Perhaps the local Martian currency – whether also in physical or instead exclusively in electronic form – could be called the tanpi, as an homage to Burroughs’ Barsoom.
Yes, yes, there are many hurdles yet to be overcome before a successful Mars Settlement becomes a reality.
But, no, it is not too early to discuss how that civilization potentially might evolve.
I just read the article and skimmed the comments. On that basis I will offer a couple of brief comments.

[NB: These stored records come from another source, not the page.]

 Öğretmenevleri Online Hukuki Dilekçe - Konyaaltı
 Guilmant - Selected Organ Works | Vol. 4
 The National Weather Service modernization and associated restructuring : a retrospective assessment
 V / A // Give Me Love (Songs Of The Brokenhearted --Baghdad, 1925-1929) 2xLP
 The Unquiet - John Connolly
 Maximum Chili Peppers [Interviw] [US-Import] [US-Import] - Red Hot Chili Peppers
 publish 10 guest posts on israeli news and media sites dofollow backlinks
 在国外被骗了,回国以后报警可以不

To begin, someone will discover and exploit a justifiable long-term basis for going to Mars first, not go first and then figure out how to make it workable. That is, the commercial/economic “business” plan comes first, on the basis of something that can be done with or on Mars better or cheaper and sustain that advantage over a long, long time horizon, inclusive of the high human and economic cost of going and staying there. Unless we devolve to a Soviet style civilization and 5-year plans (“Here are your orders, comrade.”)
Second, my expectation is that any species with the advanced capability of establishing and sustaining a civilization (not just a science outpost) on a barren planet would have absolutely no reason for doing so. I certainly cannot think of one, other than simplistic and unrealistic ones based on wishful thinking. I don’t say this with the intent to offend.

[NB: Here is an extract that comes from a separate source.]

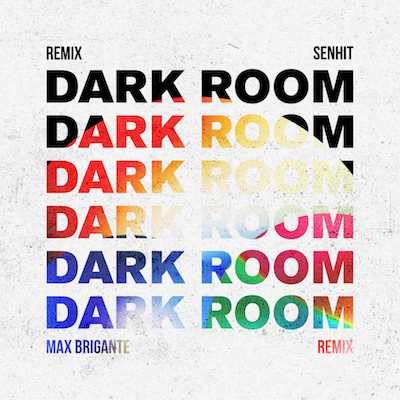 Senith_Dark Room Max Brigante RMX B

It’s likely you’d have to go to Mars before discovering and exploiting a justifiable long-term basis for anything about it.
Hard to know. Columbus’ generation wanted a short, untroubled route for commerce with eastern Asia. His few European predecessors here weren’t part of any long scale enterprise, just wanderers and fishermen.

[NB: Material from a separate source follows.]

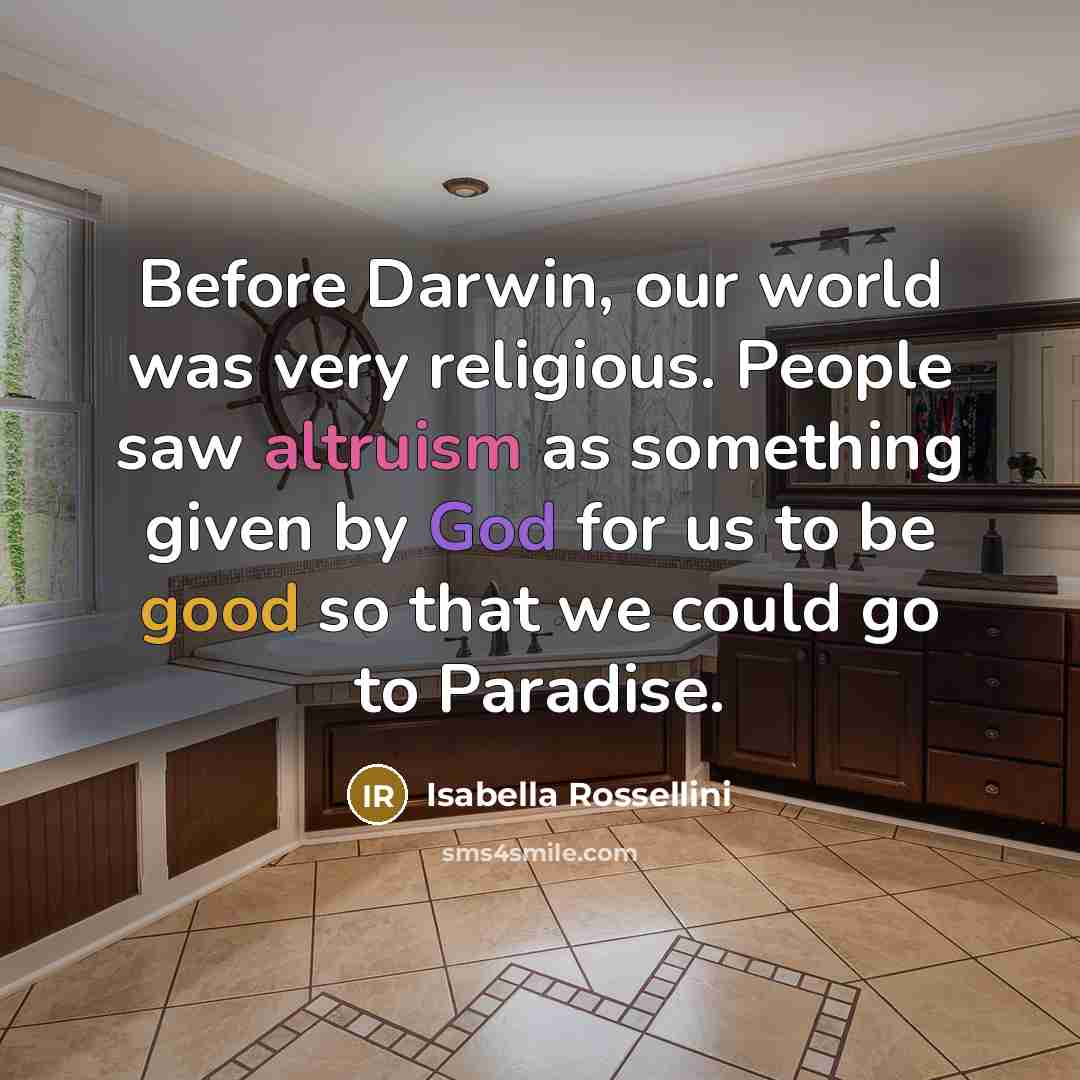 “Before Darwin, our world was very religious. People saw altruism…” quote by Isabella Rossellini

One reason might be the long term development of planetary scale engineering.
In a scant few generations, humans on Mars will be incapable of returning to Earth unaided by exoskeletar assistance. People prefer their options to remain open and so colonisation of Mars will not be popular. Rather, it does present an opportunity for short vacations.
It’s also an opportunity, after terraforming is complete (100-500 years) to establish a planet-wide Nature Reserve. Animals will be able to evolve in exotic ways, with a whole menagerie of surprising phenotypes.
Imagine, for example, leopards, thinned out and oversized, able to leap one hundred metres in a single bound. It might be quite wonderful.
And these Martian leapin’ leopards would have an easy prey items: any newcomers from Earth.
The following forum states that the Soviets experimented with rats in lower gravity and found that gravity as low as 0.3 g to be sufficient to prevent serious health problems: http://newmars.com/forums/viewtopic.php?id=7136 .
Regardless, I strongly suspect Venus’ 0.9 g would bear no serious health risks but this sort of thing really does need to be seriously study. Perhaps people on a colonized/eventually caeliformed/maybe eventually terraformed Mars could wear heavy clothing to simulate higher gravity if it does turn out to be problematic.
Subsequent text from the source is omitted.